街に忍びよる魔の手
レリアたちが宿に戻ると、パトリシアの乳母ダリアがヤキモキしながら待っていた。ダリアはパトリシアの姿を見ると、悲鳴をあげた。パトリシアには美しいお姫さまの面影はなく、口のまわりは何かのタレで汚れ、服はみそぼらしく、しかも所々泥に汚れ、レリアの契約霊獣ブラオンの毛がくっついていた。

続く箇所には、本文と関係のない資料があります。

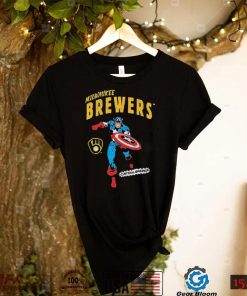 Marvel Captain America Milwaukee Brewers Shirt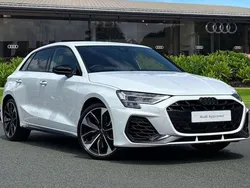 White Used 2024 Audi S3 Black Edition Hatchback | £40,950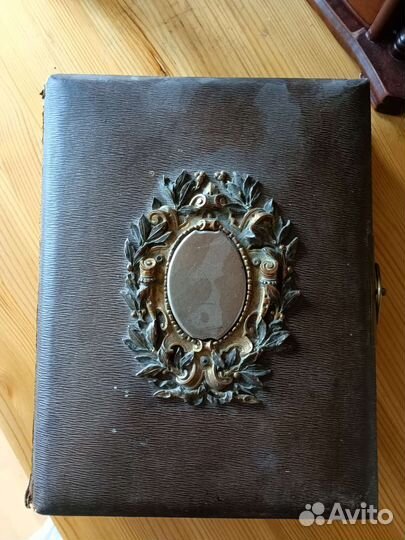 Антикварный альбом для фотографий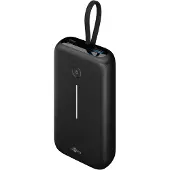 Goobay Powerbank - USB C male naar USB C female - 20.000 mAh - Ingebouwde USB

これは、ロザリアがパトリシアに買い食いした食べ物を食べさせたのと、原っぱで駆け回って、モフモフのブラオンを抱っこしたからだった。パトリシアのあまりの様相にダリアがブルブル震えて怒っていると、それにはちっともとんちゃくしないパトリシアが、ダリアに抱きついて言った。
「ダリア!とってもとっても楽しかったの!ダリアにおみやげがあるのよ?ドーナツ!すごく美味しんだから」
嬉しそうにはしゃぐパトリシアを見たダリアの顔がゆっくりと穏やかになる。そしてまとわりつくパトリシアを優しく抱きしめた。きっとダリアは、パトリシアの事をとても愛しているのだろう。レリアは暖かい気持ちになった。
翌日は、ベルケル子爵がパトリシアたちをボート遊びに招待してくれた。当然レリアたち護衛も一緒だ。馬車で一時間ほど行くと街の郊外に、大きくて穏やか湖が広がっている。パトリシアは、ダリアとシルビアと船頭とボートに乗り込み大はしゃぎた。ベルケル子爵はレリアとブラオン、ロザリアもボートに乗せてくれた。ベルケル子爵は湖のはしにしつらえたイスにどっかりと座ってパトリシアたちを満足そうに見つめていた。レリアは思わずつぶやいた。
「のどかねぇ」
その日はとてもいい天気で、日の光が水辺に反射して、キラキラと光り輝いていた。レリアの膝の上で寝ているポメラニアンのブラオンも気持ち良さそうだ。ブラオンのフワフワの毛がそよそよと風にゆれている。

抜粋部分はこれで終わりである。